Slashdot Mirror


Researchers Are Training Image-Generating AI With Fewer Labels (venturebeat.com)

An anonymous reader shares a report: Generative AI models have a propensity for learning complex data distributions, which is why they're great at producing human-like speech and convincing images of burgers and faces. But training these models requires lots of labeled data, and depending on the task at hand, the necessary corpora are sometimes in short supply.

The solution might lie in an approach proposed by researchers at Google and ETH Zurich. In a paper [PDF] published on the preprint server Arxiv.org ("High-Fidelity Image Generation With Fewer Labels"), they describe a "semantic extractor" that can pull out features from training data, along with methods of inferring labels for an entire training set from a small subset of labeled images. These self- and semi-supervised techniques together, they say, can outperform state-of-the-art methods on popular benchmarks like ImageNet.
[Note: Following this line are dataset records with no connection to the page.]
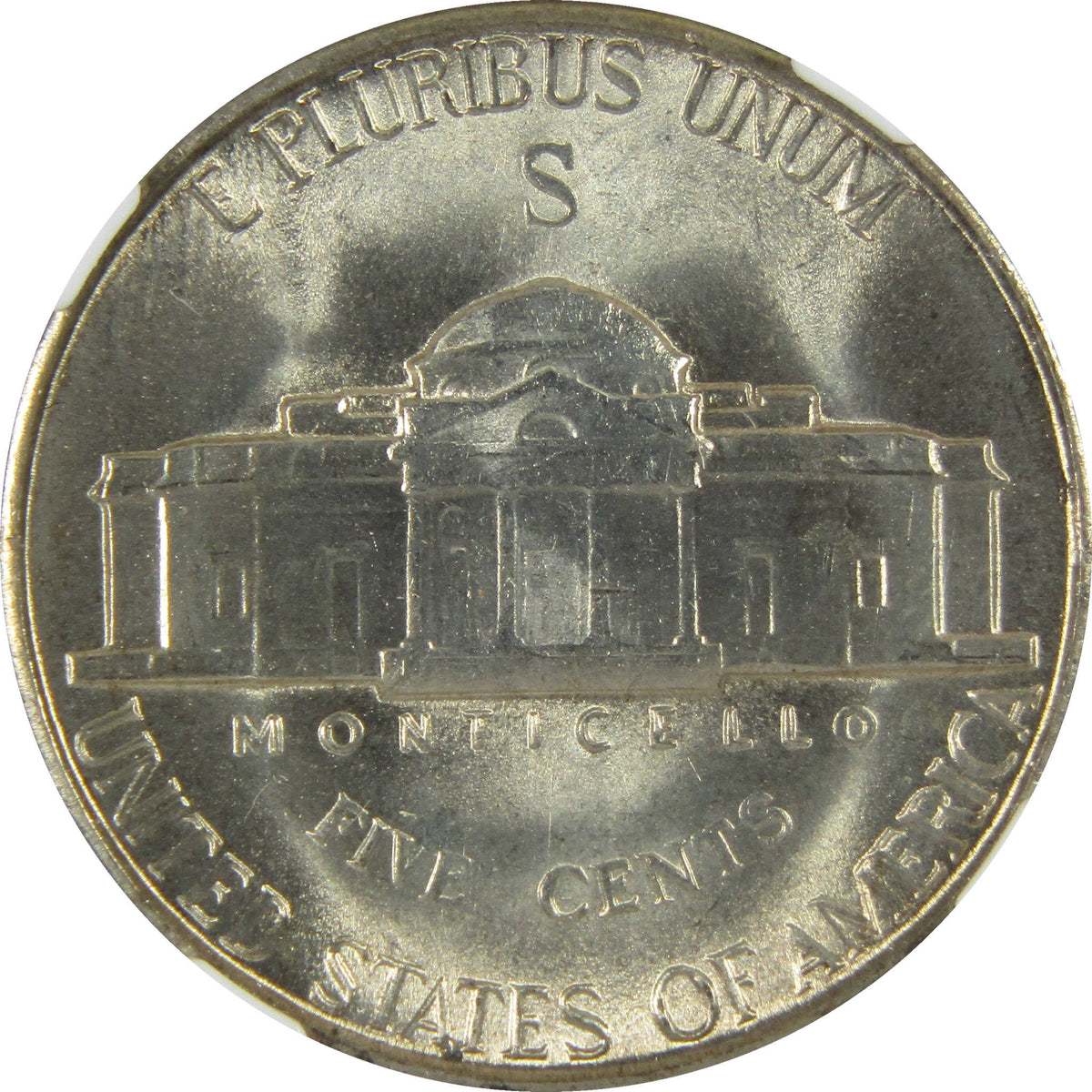1945 S Jefferson Wartime Silver Nickel MS 66 NGC 5c Coin SKU:I28835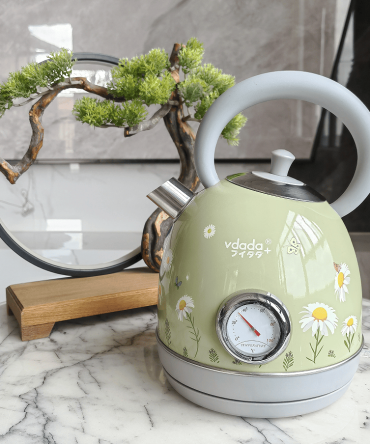 PS3018N2T    1850W Electric kettle, instrument thermometer kettle, flower watermark painted kettle quick boiling water heater SUS304 LED lamp capacity 1.8L wide outlet design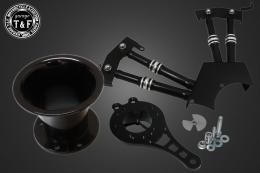 ドラッグスター250　ファンネル(ブラック)&プッシュロッドカバー(コントラスト)SET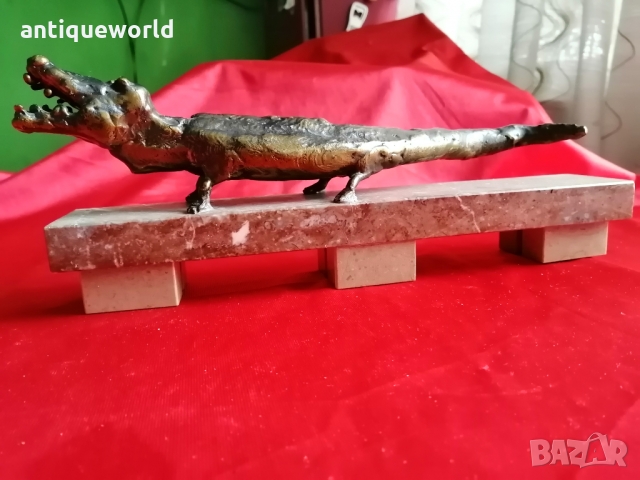 Уникална Авторска Бронзова Пластика КРОКОДИЛ , снимка 5 - Антикварни и старинни предмети - 36062529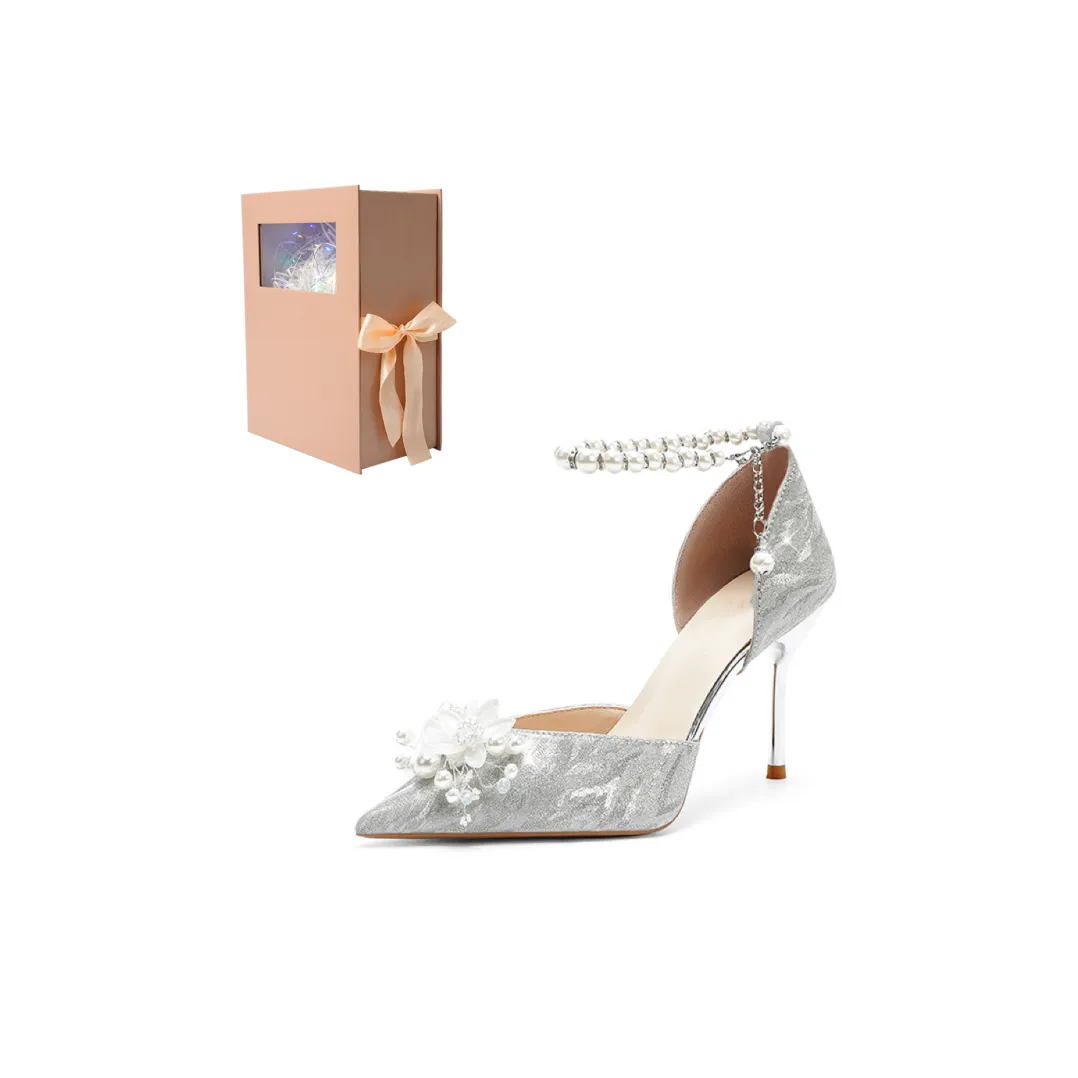 ANGEL BOY Сладкий Розовый Бант Коробка Изящный Французский Элегантный Фея Чарм Чистота Узкий Каблук Высокий Каблук Женский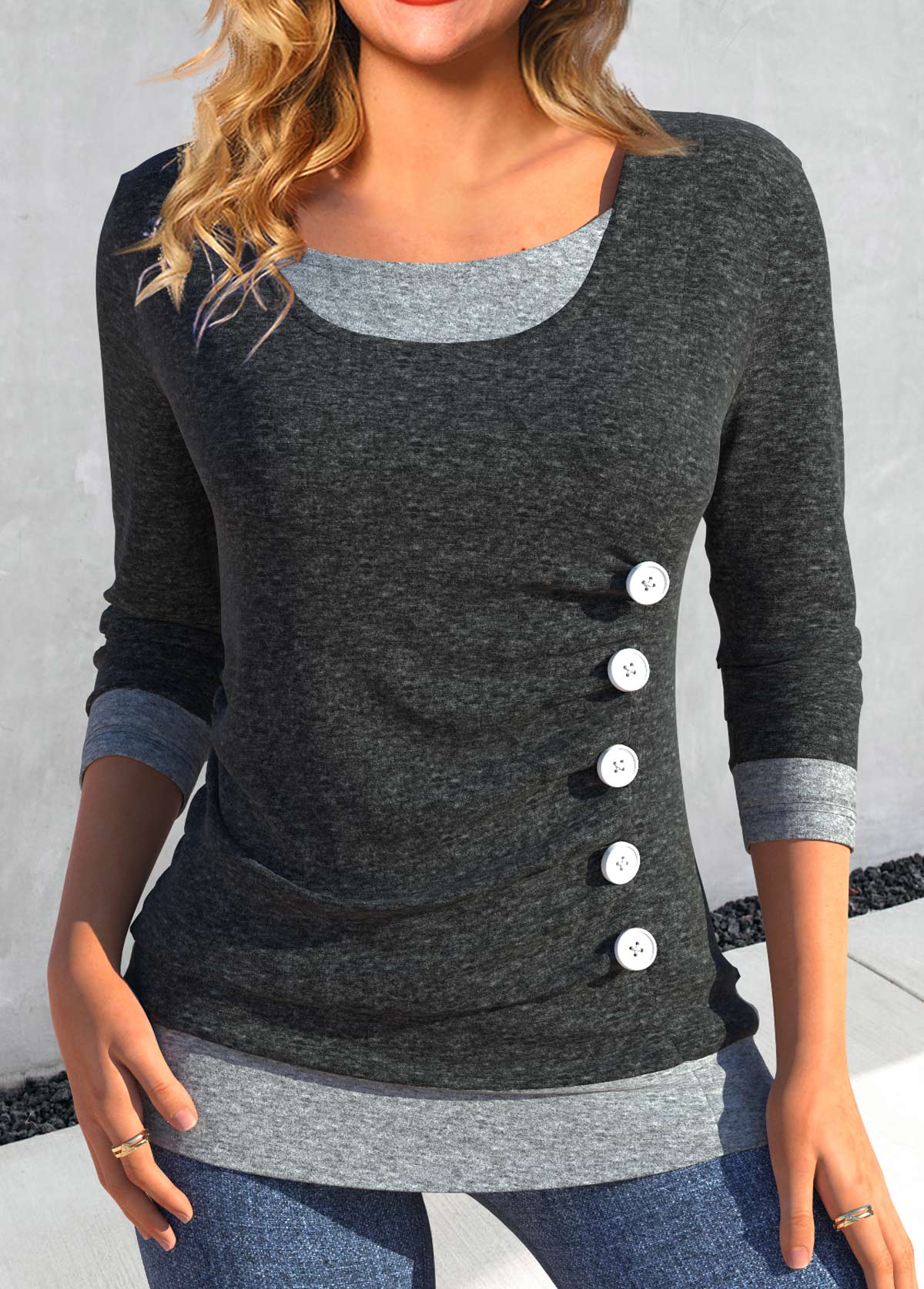 Modlily Dark Grey Fake 2in1 T Shirt - XL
"In a nutshell, instead of providing hand-annotated ground truth labels for real images to the discriminator, we ... provide inferred ones," the paper's authors explained. In one of several unsupervised methods the researchers posit, they first extract a feature representation -- a set of techniques for automatically discovering the representations needed for raw data classification -- on a target training dataset using the aforementioned feature extractor.

6 of 18 comments (clear)

  1. Headline, meet story by tomhath · · Score: 1
    Headline:

    Researchers Are Training Image-Generating AI...

    Story:

    The solution might lie in an approach proposed by researchers at Google and ETH Zurich...
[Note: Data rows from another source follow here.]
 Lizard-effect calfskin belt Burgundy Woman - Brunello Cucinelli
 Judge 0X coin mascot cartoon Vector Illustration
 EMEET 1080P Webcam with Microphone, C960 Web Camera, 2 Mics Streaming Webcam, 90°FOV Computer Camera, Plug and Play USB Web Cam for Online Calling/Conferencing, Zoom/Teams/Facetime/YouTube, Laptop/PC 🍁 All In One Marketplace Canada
    The researchers aren't training anything. They just hypothesized that it might be possible to use AI to train AI. Then their heads exploded.

  2. So statistical classifiers fail on complex things? by gweihir · · Score: 1

    Who would have thought. Oh, right, I learned that about 30 years ago at university in my CS studies.

    --
    Most ACs are not even worth the keystrokes to insult them. Be generically insulted by this and ignored otherwise.
  3. Algorithms all the way down by mrwireless · · Score: 2

    So we're training machine learning algorithms with data that was generated by machine learning algorithms?

    And we're using those algorithms in situations where we didn't have much data, which may often mean they are complex situations?

    This sounds like a bias-factory, breaking some kind of law of entropy.

  4. one step forward, two steps back by epine · · Score: 1

    In one of several unsupervised methods the researchers posit, they first extract a feature representation -- a set of techniques for automatically discovering the representations needed for raw data classification -- on a target training dataset using the aforementioned feature extractor.

    My comprehension regressed upon encountering this sentence.

  5. Firirre Turukcs by Tablizer · · Score: 1

    Those artificially generated fire trucks sure are funky looking. They immediately stand out as fire-trucks, but as you look more closely, they have weird details in weird spots, and duplicate things that shouldn't be duplicated in practice. iLSD or a transporter accident.

  6. Re:So statistical classifiers fail on complex thin by gweihir · · Score: 1

    This type of "AI" is really not more. Non-statistical approaches are different, but about as "intelligent".

    --
    Most ACs are not even worth the keystrokes to insult them. Be generically insulted by this and ignored otherwise.